MEVCUT SİSTEMİN GEÇİŞİNE RAĞMEN, EZANI SUSTURAMAZSINIZ!

Evet, sevgili okurlar.

Bilindiği üzre "8 Mart Dünya Kadınlar Günü" diye, tanımlanan uyduruk bir gün var...

Tıpkı Sevgililer Günü, Anneler Günü, Babalar Günü gibi.

Niye uyduruk diyoruz?

Zira uzaktan yakından “Kadın Haklarıyla” ilgili herhangi bir emare yok..

Sadece ranta dayalıdır…

Provokasyon amaçlıdır..

Seküler fikriyata "zemin" oluşturmaktır..

Birilerini bir yerlere getirip, popüler yapma çabasıdır..

Çünkü mutlak bir inkârcı ideolojinin sembolize edilmiş günü olarak; "enjekte" ediliyor..

Taksim Meydanı’nda sözde 8 Mart Dünya Kadınlar Günü kamuflajıyla, "Feministler Gece Yürüşü"nü yapıyor…

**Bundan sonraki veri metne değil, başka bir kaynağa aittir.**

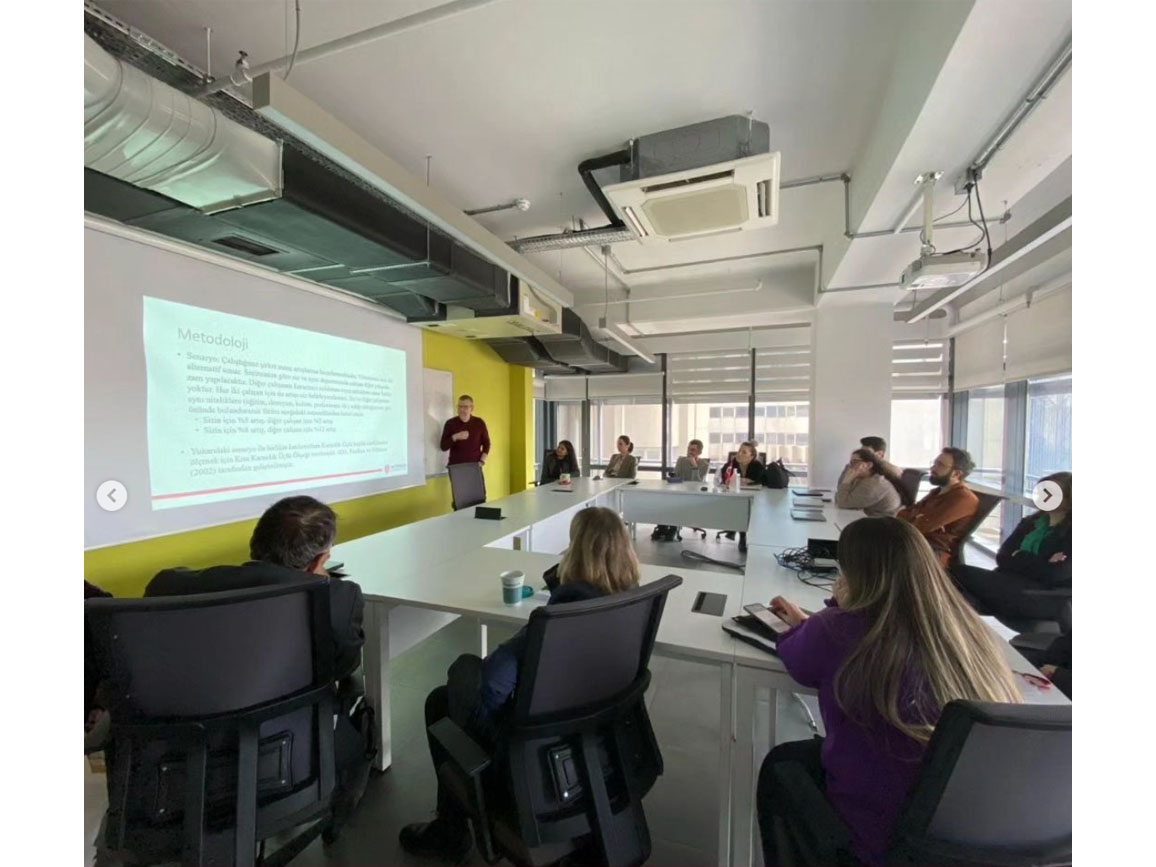 Researcher's Diary: Presentation on 'The Dark Triad and Utilitarian Choices' by Assoc. Prof. Dr. Murat Boleli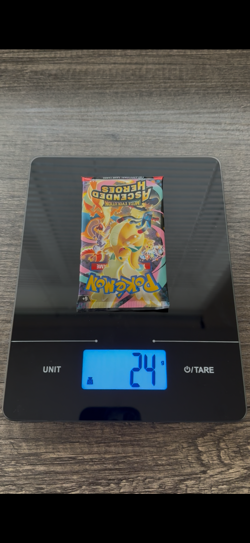 Heavy Pokemon Ascended Heroes Booster Pack (23+) Potential God Pack - Image 1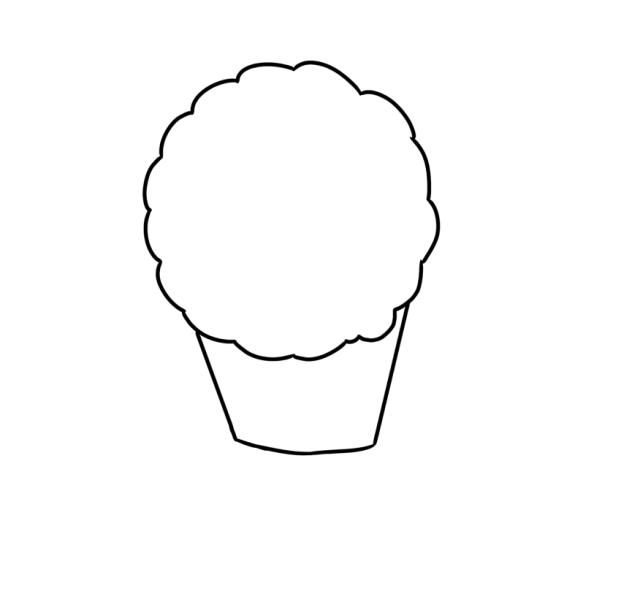 FNF DIE Muffin Fanmade Asset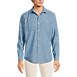 Men's Traditional Fit Chambray Work Shirt, Front
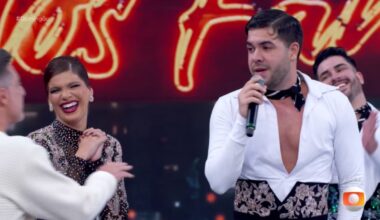 Alvaro Xaro eliminado da dança dos famosos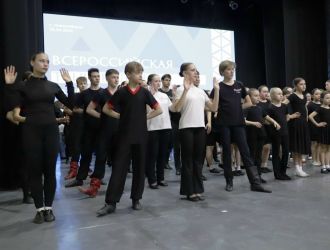 Успешное выступление ансамбля &laquo;КАЛИНКА&raquo; в Новосибирске и выход в гранд-финал, который состоится этим летом в Санкт-Петербурге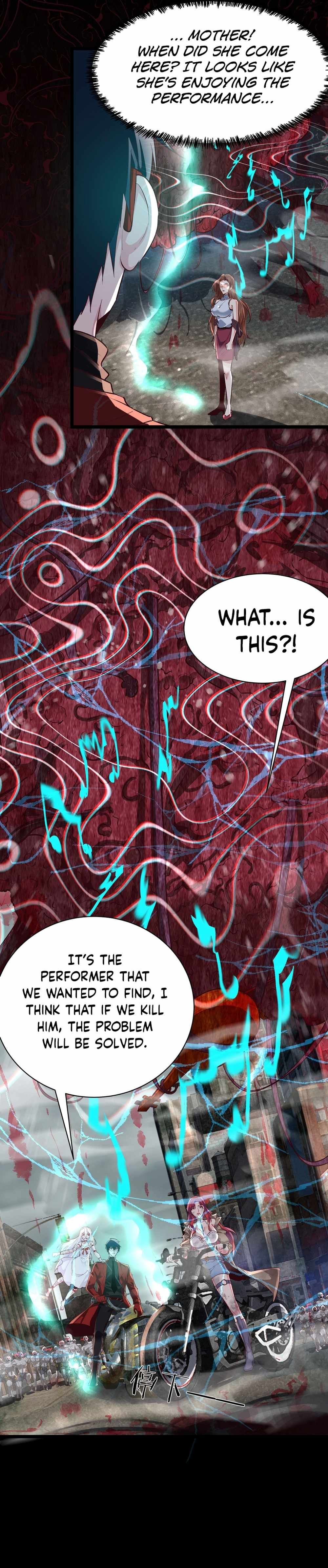 Since The Red Moon Appeared chapter 135 page 10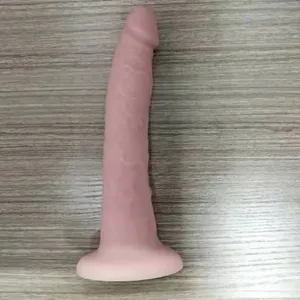 Superior 7 Inch Anal Realistic Penis Dildo With Suction Cup Adult Sex Toys for Women, Flesh thumbnail-2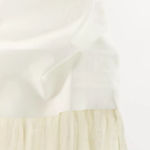 ZARA Combination Strapless Midi Dress Photo 8
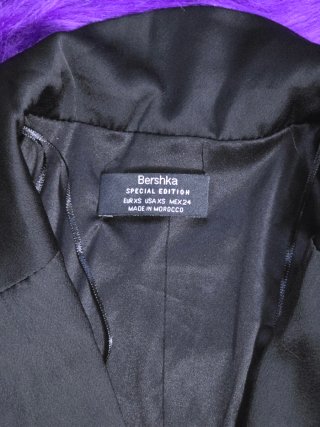 Mono lentejuelas Bershka Talla xs
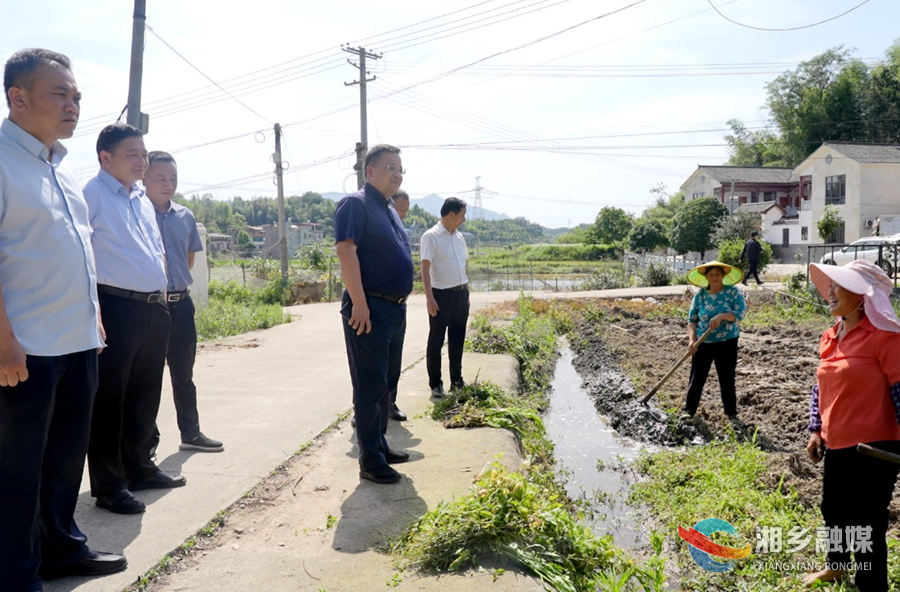 郭勇督查新增耕地“春苗”行动和建筑垃圾处理工作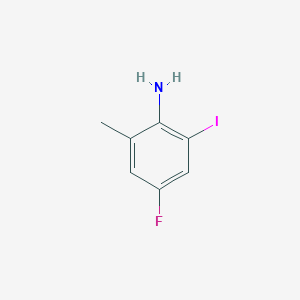 4-Fluoro-2-iodo-6-methylaniline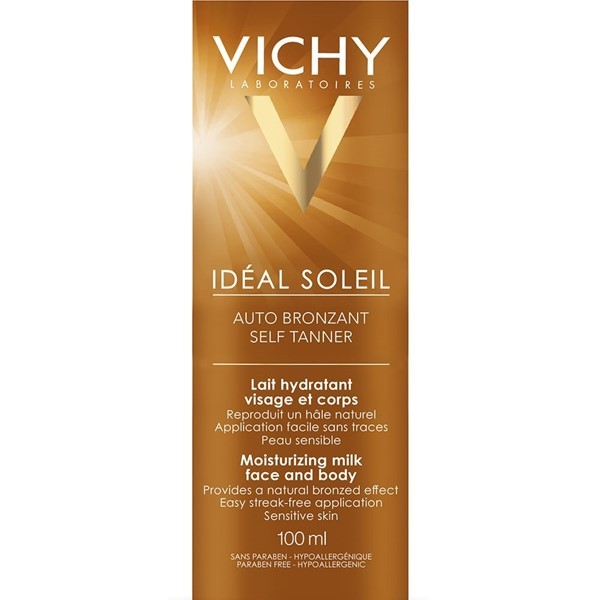 Vichy Ideal Soleil Leche Autobronceante Cuerpo 100 ml #1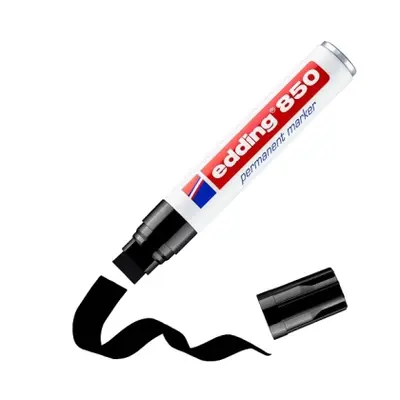 Корица на „Перманентен Маркер edding® 850, ширина на линията 5-15mm"
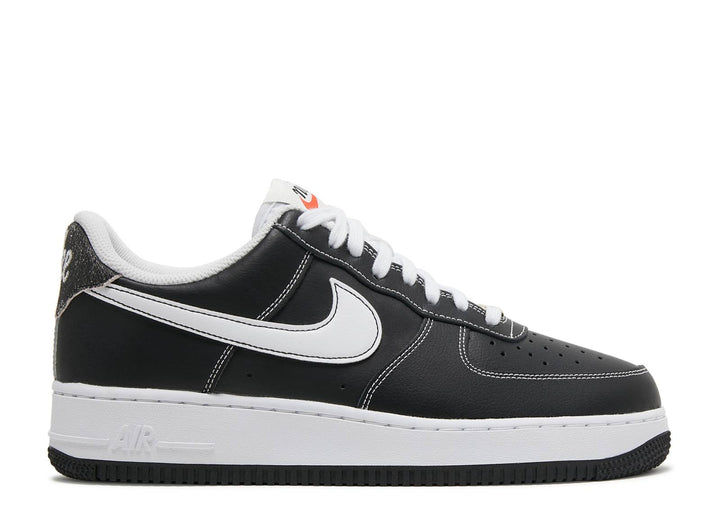 Nike Air Force 1 Low First Use "Black/White"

Kirli bir politikanın, kirli bir siyasi oluşumun; çabalarıyla hazırlanmış kadın yürüyüşü esnasında "Ezan-ı Muhammedi" okunurken, ezanı susturmak için koro halinde ıslıklar çalınıyor..?

Ezanı susturmaya ve kabullenmemeye yönelik, ortaya konular bir iğrençlik…

Saygısızlık..

Şuursuzluk..

Hadsizlik kadar, edepsizliğin dik alası..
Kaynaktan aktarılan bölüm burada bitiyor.